BEGIN

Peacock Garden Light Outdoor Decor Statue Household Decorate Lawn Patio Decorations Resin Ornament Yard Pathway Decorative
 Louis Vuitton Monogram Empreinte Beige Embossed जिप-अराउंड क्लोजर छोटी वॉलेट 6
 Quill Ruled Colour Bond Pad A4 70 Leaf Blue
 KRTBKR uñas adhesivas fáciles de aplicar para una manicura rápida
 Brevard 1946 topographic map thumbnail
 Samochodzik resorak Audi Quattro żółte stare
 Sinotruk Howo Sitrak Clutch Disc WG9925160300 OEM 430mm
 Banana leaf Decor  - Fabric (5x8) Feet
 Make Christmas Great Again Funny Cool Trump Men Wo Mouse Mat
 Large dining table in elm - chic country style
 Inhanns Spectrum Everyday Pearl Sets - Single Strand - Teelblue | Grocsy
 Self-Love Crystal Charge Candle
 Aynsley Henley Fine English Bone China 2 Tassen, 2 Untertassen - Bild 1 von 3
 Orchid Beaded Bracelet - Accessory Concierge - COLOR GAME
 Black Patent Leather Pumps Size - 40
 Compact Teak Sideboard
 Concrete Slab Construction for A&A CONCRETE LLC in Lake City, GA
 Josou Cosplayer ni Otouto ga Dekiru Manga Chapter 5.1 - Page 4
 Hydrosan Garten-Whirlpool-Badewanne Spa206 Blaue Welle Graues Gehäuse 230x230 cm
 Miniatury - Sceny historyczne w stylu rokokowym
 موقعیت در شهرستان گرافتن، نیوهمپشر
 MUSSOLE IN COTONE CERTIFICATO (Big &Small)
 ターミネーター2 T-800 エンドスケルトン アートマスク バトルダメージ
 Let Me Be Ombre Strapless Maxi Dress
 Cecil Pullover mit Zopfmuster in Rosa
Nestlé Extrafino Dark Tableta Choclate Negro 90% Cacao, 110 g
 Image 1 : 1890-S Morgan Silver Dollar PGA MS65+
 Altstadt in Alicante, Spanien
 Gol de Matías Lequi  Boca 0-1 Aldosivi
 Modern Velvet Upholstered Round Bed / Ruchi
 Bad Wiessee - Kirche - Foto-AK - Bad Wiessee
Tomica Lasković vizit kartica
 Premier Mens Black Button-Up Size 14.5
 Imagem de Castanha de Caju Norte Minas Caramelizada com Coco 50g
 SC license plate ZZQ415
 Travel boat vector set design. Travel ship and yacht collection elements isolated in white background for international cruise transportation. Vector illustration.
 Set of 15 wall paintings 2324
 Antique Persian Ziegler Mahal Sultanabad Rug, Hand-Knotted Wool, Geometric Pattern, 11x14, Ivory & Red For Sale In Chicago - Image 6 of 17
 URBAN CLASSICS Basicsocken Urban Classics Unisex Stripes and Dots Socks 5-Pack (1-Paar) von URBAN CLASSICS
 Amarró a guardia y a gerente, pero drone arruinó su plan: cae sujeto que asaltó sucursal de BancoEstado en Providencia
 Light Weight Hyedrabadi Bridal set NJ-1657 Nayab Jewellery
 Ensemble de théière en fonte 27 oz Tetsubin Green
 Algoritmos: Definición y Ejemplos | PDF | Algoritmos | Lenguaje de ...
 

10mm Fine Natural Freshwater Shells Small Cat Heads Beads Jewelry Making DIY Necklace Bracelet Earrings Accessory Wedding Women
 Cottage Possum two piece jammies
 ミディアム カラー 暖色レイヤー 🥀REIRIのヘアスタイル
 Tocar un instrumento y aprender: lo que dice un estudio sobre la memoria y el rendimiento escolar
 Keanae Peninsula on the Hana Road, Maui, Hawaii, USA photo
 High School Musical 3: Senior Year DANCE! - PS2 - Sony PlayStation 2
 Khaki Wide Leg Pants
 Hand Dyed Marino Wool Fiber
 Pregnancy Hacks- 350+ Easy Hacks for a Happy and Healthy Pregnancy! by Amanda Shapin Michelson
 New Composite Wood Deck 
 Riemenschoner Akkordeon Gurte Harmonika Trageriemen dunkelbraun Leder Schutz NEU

END

▸ The task:
Give the number of lines in the entries that include the string "Small", and nothing else.

▸ Result of this exercise:
2